SUPPLIED DATA:
══════════

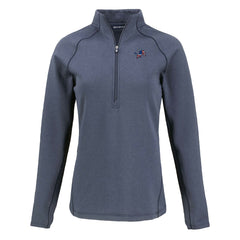 Detroit Lions Cutter & Buck Women's Americana Peshastin Eco Fleece Recycled Tri-Blend Raglan Half-Zip Jacket Heather Navy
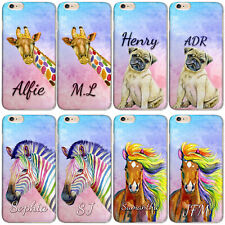 Personalised Initial Phone Case For Pixel/Sony Horse;Pug;Giraffe Hard Cover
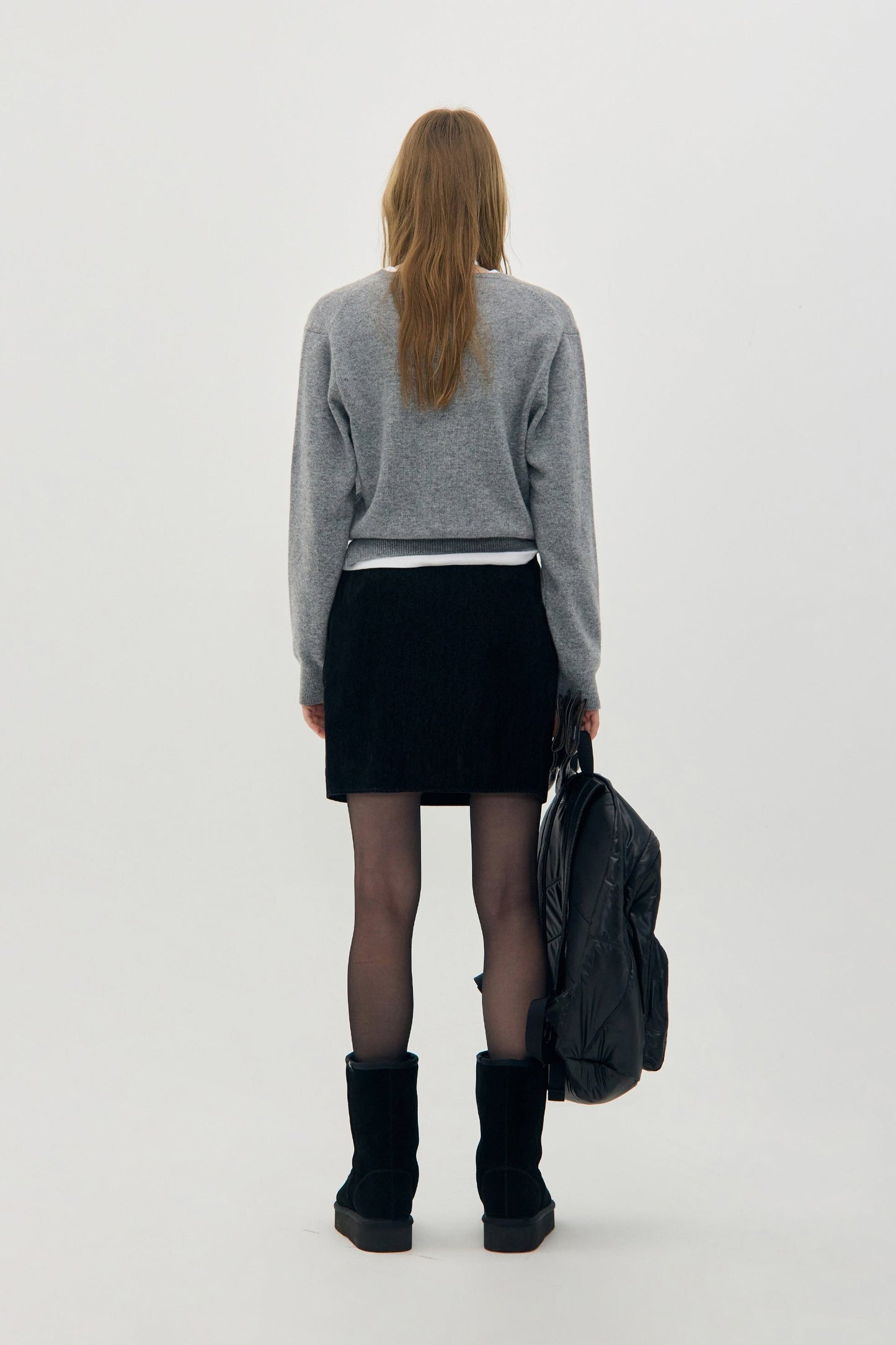 LOW CLASSIC VELVET DENIM SKIRT_BLACK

══════════

YOUR OBJECTIVE:
Line by line, write out the data above exactly, without the pictures.

RESULT OF THE EXERCISE:
 Detroit Lions Cutter & Buck Women's Americana Peshastin Eco Fleece Recycled Tri-Blend Raglan Half-Zip Jacket Heather Navy
 Personalised Initial Phone Case For Pixel/Sony Horse;Pug;Giraffe Hard Cover
 LOW CLASSIC VELVET DENIM SKIRT_BLACK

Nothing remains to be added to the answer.